Cinayet şüphelisinin savunması sonrası şahitleri dinleyen mahkeme heyeti, avukatların beyanlarının akabinde sanık Onur Kaya’nın tutukluluk halinin devamına karar verip duruşmayı 5 Mayıs’a erteledi.
ANNESİ MAHKEME ÇIKIŞI BAYILDI
Tuğçe Can’ın, duruşma sonrası adliyeden çıkan annesi Emine Can, kötülük geçirdi.
Yakınlarının sakinleştirdiği Can, “Hiçbir kabahat çocuğumun, yaptığı ya da söylediği hiçbir şey canına kastetmeye değmezdi. Bu caninin ağırlaştırılmış müebbet mahpusla cezalandırılmasını istiyorum. Bu dünyada da öteki dünyada da yakasını bırakmayacağım. Ben adalete güveniyorum. Sonraki duruşmada buradan ağırlaştırılmış müebbet mahpus cezasını duyarak çıkacağım. Tahminen bir nebze benim içime su serpilecek. Benim kızım 89 gündür toprağın altında. Ancak o hala utanmadan nefes alıyor. Onu duruşmada görünce midem bulandı” dedi.
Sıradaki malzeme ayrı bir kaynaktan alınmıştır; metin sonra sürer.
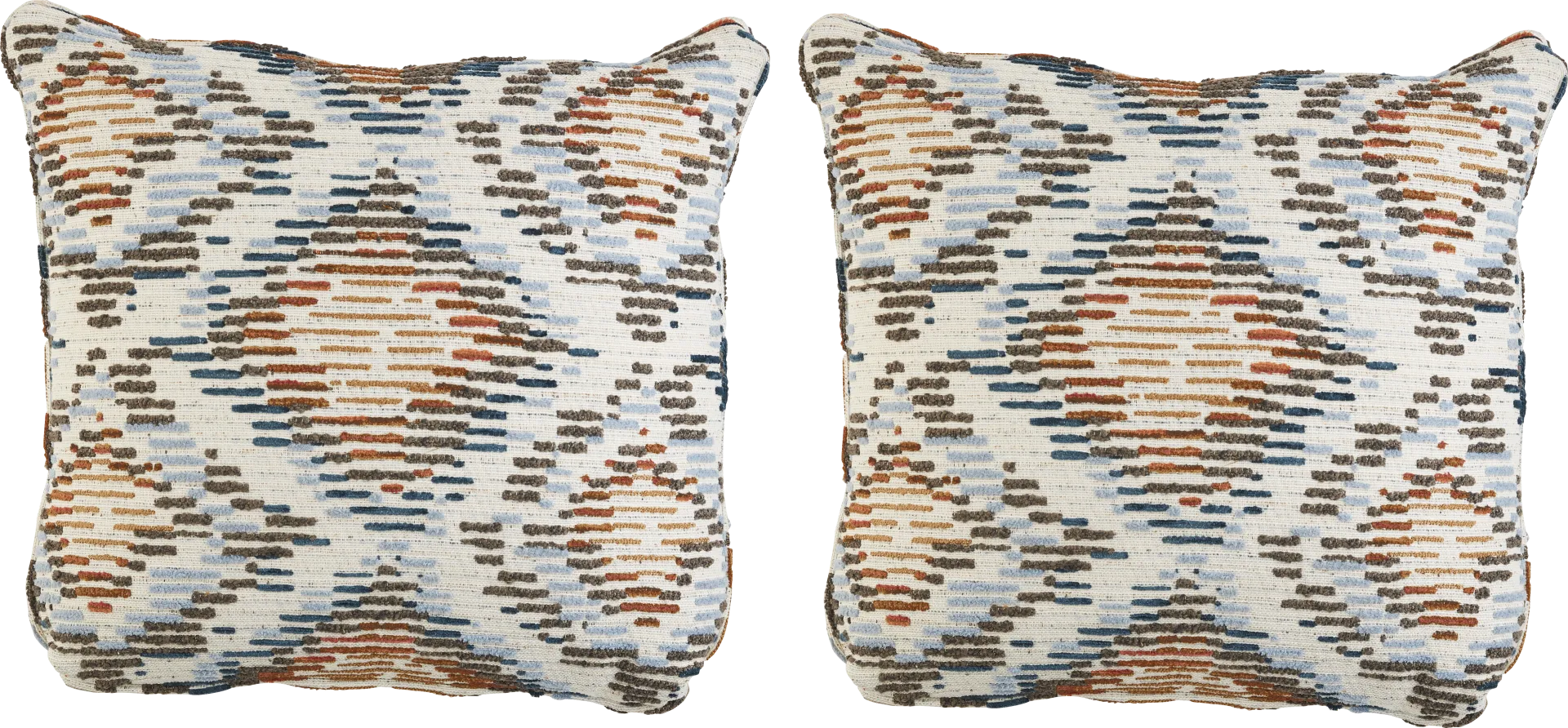 Lindsay Denim Toss Pillow Pair - Image 1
Tuğçe’nin ikizi Tuğba Can da sanığın en ağır cezayı almasını istediğini belirterek, “Ağırlaştırılmış müebbet mahpus cezası almasını istiyorum. Hak ettiği cezayı alsın. Cezaevinden bir daha çıkamasın. Bu dünyadaki cehennemini kendi yarattı. Adalete güveniyorum” dedi.
CHP Eskişehir milletvekilleri Utku Çakırözer ile Jale Parıltı Süllü de duruşmayı takip etti.